I also want to thank you for having emailed me an additional copy of your schematic. I have copied that photo into my graphics program and enlarged it for better viewing.

Although you stated that you have already changed out the fan motor, I am not totally convinced the motor was bad. To that end, I would like to offer you information to diagnose that motor and if it proves to be okay you could retain it as a spare.
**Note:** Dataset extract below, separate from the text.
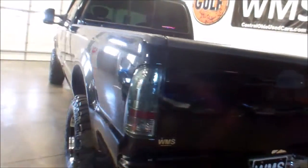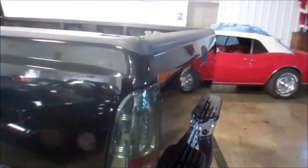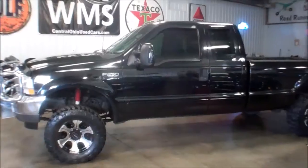The exterior — I think this right here is going to be your biggest blemish. There's some scraping going along right there. Other than that you might find a couple minor bumps and bruises. Pretty clean for the most part. Again, this is a 2003 Ford F250 Super Duty. It is an XLT here at WMSOhio.com.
The color code for that motor is:
Black-Run winding
Brown-Start winding
Orange-Common winding.

If you have an ohm meter you can electrically test that motor.

1. Measure the resistance from Start (Brown wire) to Run (Black wire) and note the reading.
2. Measure the resistance from Start (Brown wire) to Common (Orange wire.)
3. Measure the resistance from Run (Black wire) to Common (orange wire)

Now add the values for Start to common and run to common. They should equal the value for Start to Run. If so, the motor is electrically okay.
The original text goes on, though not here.